Manchin and Barrasso in January. Photo: Anna Rose Layden/Getty Images
Sens. Joe Manchin and John Barrasso are out with a long-awaited proposal to expedite environmental reviews for energy and transmission projects.
Why it matters: The measure will be the baseline for any bipartisan permitting deal during the lame duck session.
- The legislation mirrors some of the ideas Manchin has proposed in previous ill-fated bills. It targets changes to specific industries and infrastructure, rather than sweeping overhauls of underlying environmental laws.
Driving the news: The topline provision is a new 150-day statute of limitations to challenge environmental permits in court — a much-discussed idea that was left out of last year's debt ceiling deal.
- The bill would also effectively toss out the LNG export permits pause by putting a 90-day shot clock on the Energy Department to approve or deny pending applications.
- On transmission, it would require a rulemaking from FERC on interregional power lines (the commission has already moved on smaller regional projects).
- And it includes a big suite of policies to expedite leasing and permitting of geothermal projects and treat them more like oil and gas.
Zoom in: The transmission provisions are significant in a bipartisan bill, given that intense GOP opposition has helped stall the permitting debate for years now.
- The bill would eliminate DOE's authority to designate National Interest Electric Transmission Corridors. Instead, FERC would be given power to determine that a transmission line is in the national interest.
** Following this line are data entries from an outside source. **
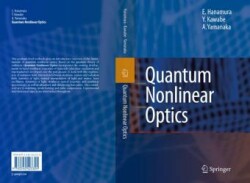 Quantum Nonlinear Optics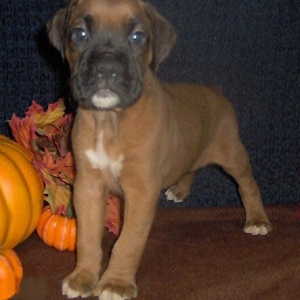10/14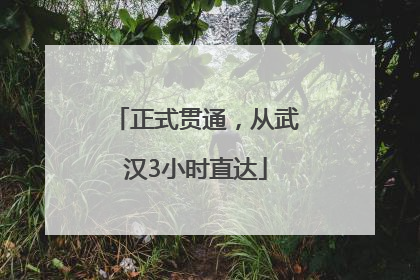 正式贯通，从武汉3小时直达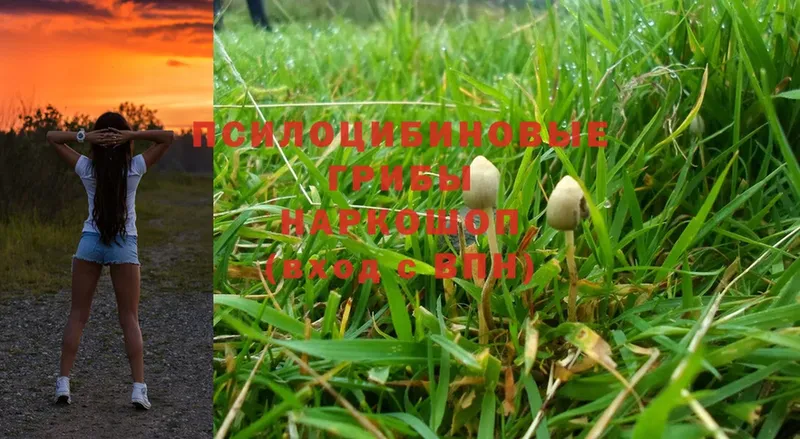 сколько стоит  Новая Ляля  Псилоцибиновые грибы MAGIC MUSHROOMS 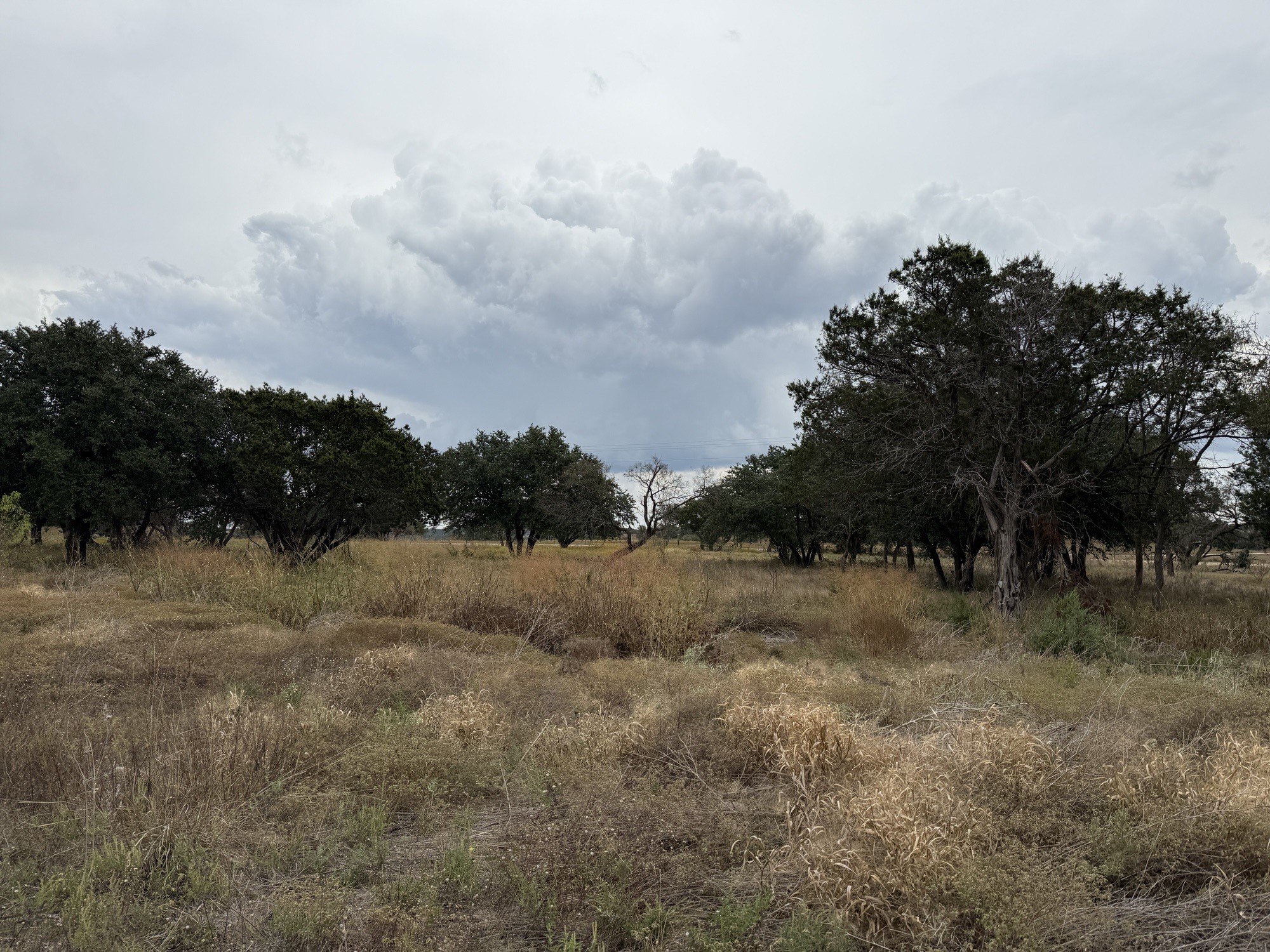 Lot 11 Fm 1690 Gatesville TX 76528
- Smaller grid improvements and projects in existing rights of way would get an easier NEPA permitting process.
- And it would tackle the sticky issue of cost allocation by setting up a quantifiable standard based on reliability benefits and other factors to help decide who pays for power lines.
The bill also sets out a whole bunch of other targeted changes across the mining, renewable and oil and gas industries.
- That includes mandated lease sales for both offshore oil and offshore wind and new deadlines for Interior to make decisions on coal leasing.
- And notably, there's language to deal with the impacts of the Rosemont decision by creating a new claims system for hardrock miners to site their mine-related infrastructure on federal lands.
Reality check: Senate Majority Leader Chuck Schumer has publicly declared that getting a permitting deal over the finish line would be "virtually impossible."
Our thought bubble: The bill likely won't fully satisfy folks in industry and Republican hardliners who want to open up the Clean Water Act, Clean Air Act or Endangered Species Act.
- But while the outlook for a permitting bill still isn't great, this certainly makes it more possible.
Editor's note: This story has been clarified to specify that per the bill, the Energy Department would no longer have any role in designating National Interest Electric Transmission Corridors.